Wherein Noggle Bends the Law of Supply and Demand

Back in the olden days of the early 1990s, I used to spend a lot of time and a lot of my disposable income at the local Mainstream Records because I could walk to it and because I could afford a couple of cheap audiocassettes for our weekend late night cruising expeditions. I gathered a reputation for finding old hits–old being from the middle 1980s–for us to ride to nowhere while learning to sing along. Back in those days, they offered cassette singles that featured, instead of a current song and a piece of filler from the album or a soundtrack, two hits by the same artist. On one of those excursions, I found “Electric Blue” by Icehouse, the best Australian band whose name was not just letters ever. The back side featured “Crazy”, which was pretty much all of their hits on one single since the paean to Australia required of all Australian bands who chart in the United States by an actual Australian law “Great Southern Land” sort of killed their charting in the United States.

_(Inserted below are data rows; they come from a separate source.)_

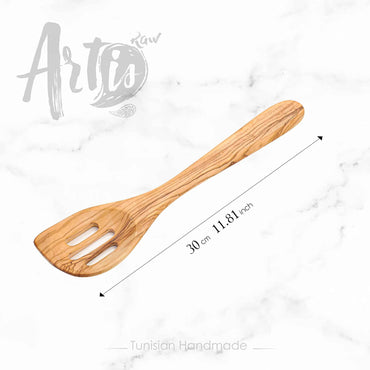 Slotted Wooden Spoon, Wood Cooking Spoon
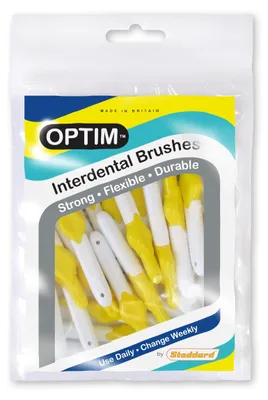 Obrázok produktu pre Medzizubné kefky, žlté, 0,7 mm, 25 kusov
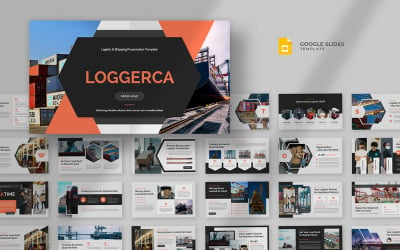Loggerca - Logistics &amp;amp; Delivery Google Slides Template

The Mainstream Records only had one in stock, and I snapped it up to share with Deb and Chris in the comfort of Chris’s old Cutlass Sierra. Of course, by “old,” I mean it was only as old as the songs, but when you’re <20, there's a lot of things that are "old." During our rides through the Wisconsin dark, I convinced Deb I was singing to her, and she thought I sounded an awful lot like Iva Davies although in retrospect, of course I know I did not. So when an employee came along with the stone tablets that they used for ordering in those days, children, and noticed that Icehouse had sold, Mainstream ordered another copy. When that other copy arrived, I bought it immediately, and by immediately, I mean within a day or so of its shelving. As I said, I spent a lot of time there. I probably gave that copy directly to Deb. So when the Mainstream employee came along the next time with the tablet and chisel, he or she noticed that Icehouse had sold out, again. So they hammered a bigger number into the stone. Within short order, two copies of the Icehouse single arrived. Of course, I bought them immediately as well. One for Chris and one for my brother. Perfect! Then the Mainstream employee came along and thought he was seeing some revival of Icehouse or some strange musical fad blip, but this proactive Mainstream employee ordered four copies.

Which sat on the Mainstream shelf probably until the record store went out of business in the middle 1990s. They had no way of knowing that I was only a small-time taste maker and that the sudden surge in Icehouse’s popularity in the northwest corner of Milwaukee was very limited in scope indeed.